Title: | Optimal Regression Design under the Second-Order Least Squares Estimator |
Version: | 0.0.5 |
Description: | With given inputs that include number of points, discrete design space, a measure of skewness, models and parameter value, this package calculates the objective value, optimal designs and plot the equivalence theory under A- and D-optimal criteria under the second-order Least squares estimator. This package is based on the paper "Properties of optimal regression designs under the second-order least squares estimator" by Chi-Kuang Yeh and Julie Zhou (2021) <doi:10.1007/s00362-018-01076-6>. |
URL: | https://github.com/chikuang/SLSEdesign |
BugReports: | https://github.com/chikuang/SLSEdesign/issues |
License: | GPL-3 |
Encoding: | UTF-8 |
RoxygenNote: | 7.3.2 |
Imports: | CVXR |
Suggests: | knitr, rmarkdown |
VignetteBuilder: | knitr |
NeedsCompilation: | no |
Packaged: | 2025-06-04 17:17:18 UTC; chikuang |
Author: | Chi-Kuang Yeh |
Maintainer: | Chi-Kuang Yeh <chi-kuang.yeh@mail.mcgill.ca> |
Repository: | CRAN |
Date/Publication: | 2025-06-05 16:10:02 UTC |
Calculate the A-optimal design under the second-order Least squares estimator
Description
Calculate the A-optimal design under the second-order Least squares estimator
Usage
Aopt(N, u, tt, FUN, theta, num_iter = 1000)
Arguments
N |
The number of sample points in the design space. |
u |
The discretized design space. |
tt |
The level of skewness between 0 to 1 (inclusive). When tt=0, it is equivalent to compute the A-optimal design under the ordinary least squares estimator. |
FUN |
The function to calculate the derivative of the given model. |
theta |
The parameter value of the model. |
num_iter |
Maximum number of iteration. |
Details
This function calculates the A-optimal design and the loss function under the A-optimality. The loss function under A-optimality is defined as the trace of the inverse of the Fisher information matrix
Value
A list that contains 1. Value of the objective function at solution. 2. Status. 3. Optimal design
Examples
poly3 <- function(xi, theta){
matrix(c(1, xi, xi^2, xi^3), ncol = 1)
}
Npt <- 101
my_design <- Aopt(N = Npt, u = seq(-1, +1, length.out = Npt),
tt = 0, FUN = poly3, theta = rep(0,4), num_iter = 2000)

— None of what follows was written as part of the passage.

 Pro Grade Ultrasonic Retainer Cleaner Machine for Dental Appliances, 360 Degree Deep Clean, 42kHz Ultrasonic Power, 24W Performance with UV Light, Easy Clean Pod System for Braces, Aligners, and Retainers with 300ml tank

round(my_design$design, 3)
my_design$val
Calculate the D-optimal design under the SLSE
Description
Calculate the D-optimal design under the SLSE
Usage
Dopt(N, u, tt, FUN, theta, num_iter = 1000)
Arguments
N |
The number of sample points in the design space. |
u |
The discretized design space. |
tt |
The level of skewness. When tt=0, it is equivalent to compute the D-optimal design under the ordinary least squares estimator. |
FUN |
The function to calculate the derivative of the given model. |
theta |
The parameter value of the model. |
num_iter |
Maximum number of iteration. |
Details
This function calculates the D-optimal design and the loss function under the D-optimality. The loss function under D-optimality is defined as the log determinant of the inverse of the Fisher information matrix.
Value
A list that contains 1. Value of the objective function at solution. 2. Status. 3. Optimal design
Examples
poly3 <- function(xi, theta){
matrix(c(1, xi, xi^2, xi^3), ncol = 1)
}
Npt <- 101
my_design <- Dopt(N = Npt, u = seq(-1, +1, length.out = Npt),
tt = 0, FUN = poly3, theta = rep(0,4), num_iter = 2000)

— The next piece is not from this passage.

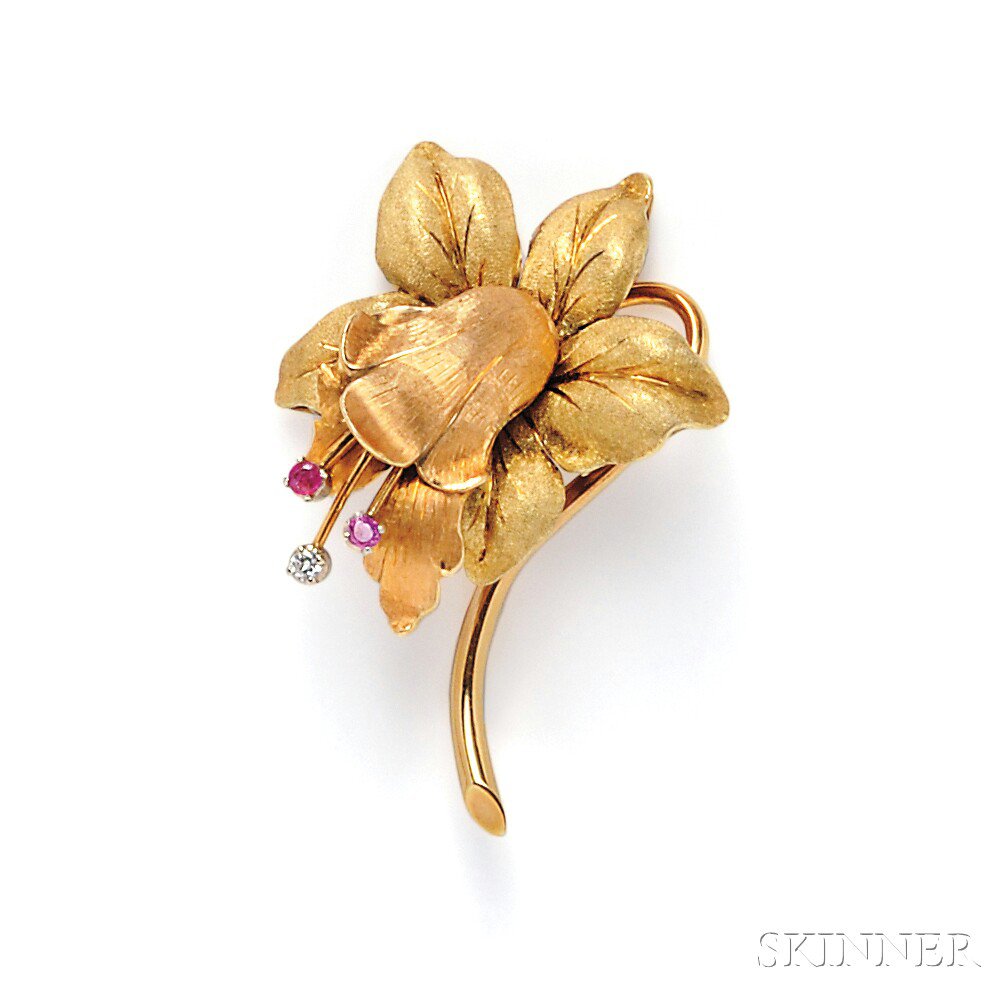 Appraisal: kt Bicolor Gold Gem-set Flower Brooch with circular-cut rubies and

round(my_design$design, 3)
my_design$val
Calculate the loss function of the A-, c- or D-optimal design
Description
Calculate the loss function of the A-, c- or D-optimal design
Usage
calc_phi(
design,
theta,
FUN,
tt,
A,
criterion = "D",
cVec = rep(0, length(theta))
)
Arguments
design |
The resulted design that contains the design points and the associated weights |
theta |
The parameter value of the model |
FUN |
The function to calculate the derivative of the given model. |
tt |
The level of skewness |
A |
The calculated covariance matrix |
criterion |
The criterion to be used for the design, either "D" for D-optimality or "A" for A-optimality. Default is "D". |
cVec |
c vector used to determine the combination of the parameters. This is only used in c-optimality |
Details
This function calculates the loss function of the design problem under the A- or D-optimality. The loss functions under A-, or D-optimality are defined as the trace and log determinant of the inverse of the Fisher information matrix
Value
The loss of the model at each design points
Examples
my_design <- data.frame(location = c(0, 180), weight = c(1/2, 1/2))
theta <- c(0.05, 0.5)
peleg <- function(xi, theta){
deno <- (theta[1] + xi * theta[2])^2
rbind(-xi/deno, -xi^2/deno)
}
A <- matrix(c(1, 0, 0, 0, 0.2116, 1.3116, 0, 1.3116, 15.462521), byrow = TRUE, ncol = 3)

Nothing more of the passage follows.